State Farm officials said the size of the rate increase in each state is determined by factors such as how much risk they have with existing customers. They indicated that the company took on too many customers in Virginia, Maryland and the District during good years.
Until two years ago, homeowners’ premiums were relatively flat, subsidized by the big returns that insurance companies got from investments.
Premiums rose less than 3 percent a year, from an average of $500 to $512, in the past two years, the insurance institute said.
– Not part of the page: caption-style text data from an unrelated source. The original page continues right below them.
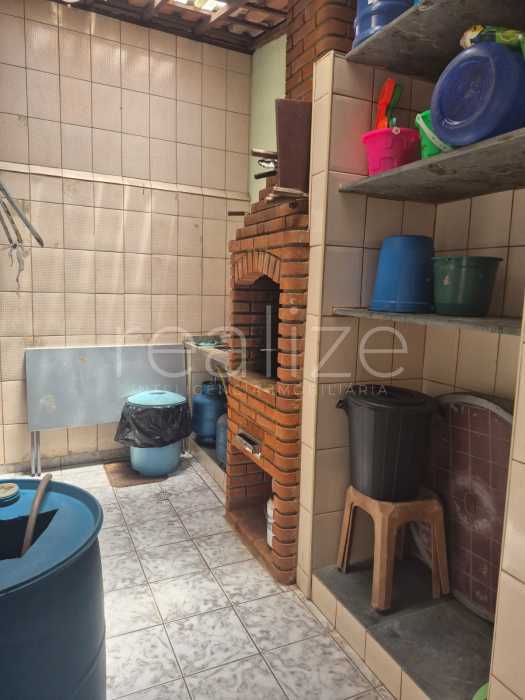 Casa, 2 quartos, 105 m² - Foto 16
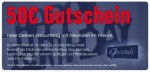 geburtstag_490.jpg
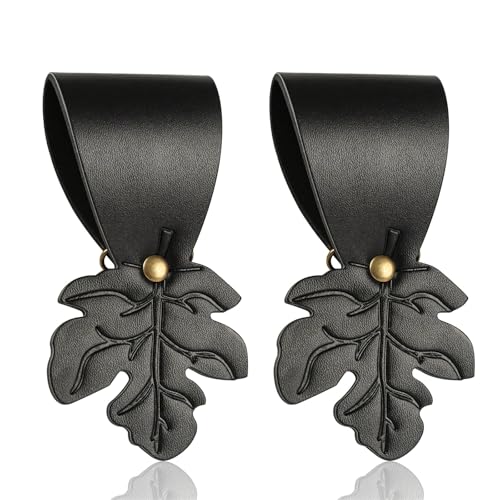 Mittelalterlicher Hüftgurt Leder Hüfttasche Zauberer Trank Flasche Erwachsene Mittelalter Kostüm für Männer Frauen Halloween LARP Rollenspiel von FackLOxc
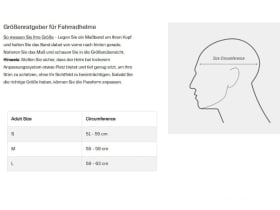 GIRO Syntax MIPS Bike Helmet | matt white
But Hartwig recently predicted that the industry’s financial problems would drive the average premium for 2002 up 8 percent, to $553.
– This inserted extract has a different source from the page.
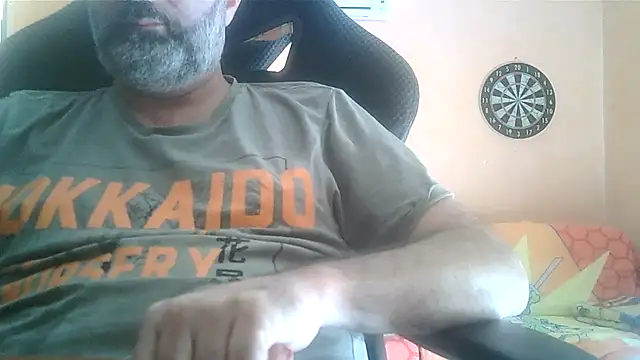 lanata online show from October 8, 2025, 1:20 pm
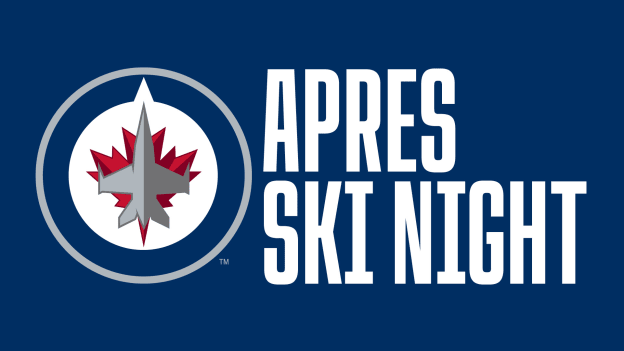 Après Ski Night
Consumer advocates said State Farm’s rate increases could trigger a much bigger bounce in the national average.
“What they do really impacts the entire market,” said J. Robert Hunter, director of insurance for the Consumer Federation of America. “If they ask for 25 percent higher premiums and get it, the entire market will follow them, or ask for even more.”
Hunter has been pressing state regulators to at least hold hearings on proposed increases and whether they can be justified by increased risks rather than poor investments.
State Farm’s increases are larger than those sought by most of the other top insurers in Maryland, Virginia and the District.
Virginia insurance regulators say home-insurance premiums this year are up 25.7 percent for Allstate Insurance Co. customers; 17.2 percent for Auto Insurance Co. of Hartford, Conn.; 14.7 percent for Standard Fire Insurance Co.; 14.5 percent for Erie Insurance Exchange; and 11.7 percent for Travelers Casualty and Surety Co.
Rates in Maryland, according to regulators, have gone up 20 percent for customers of United Services Automobile Association, Farmers and Allstate; 15.5 percent for Nationwide; and 9.8 percent for Erie. Rates at Travelers will jump 11.9 percent today for new customers and in September for renewals. Allstate rates are expected to increase 10 percent more in Maryland effective Oct. 1.
District rates are up 21 percent for Allstate customers, 15 percent for Fireman’s Fund and less than 1 percent for USAA and USAA Casualty Insurance Co. Allstate lowered rates 21.9 percent in 2001.
While Virginia homeowners might find an increase of as much as 40 percent in one year daunting, national insurance statistics show that the state’s rates have been among the lowest in the nation.
According to the latest data available from the National Association of Insurance Commissioners, the average homeowner’s premium in Virginia in 1999 was $345. The national average was $487.
The average for Maryland in 1999 was $372. The District average was $617.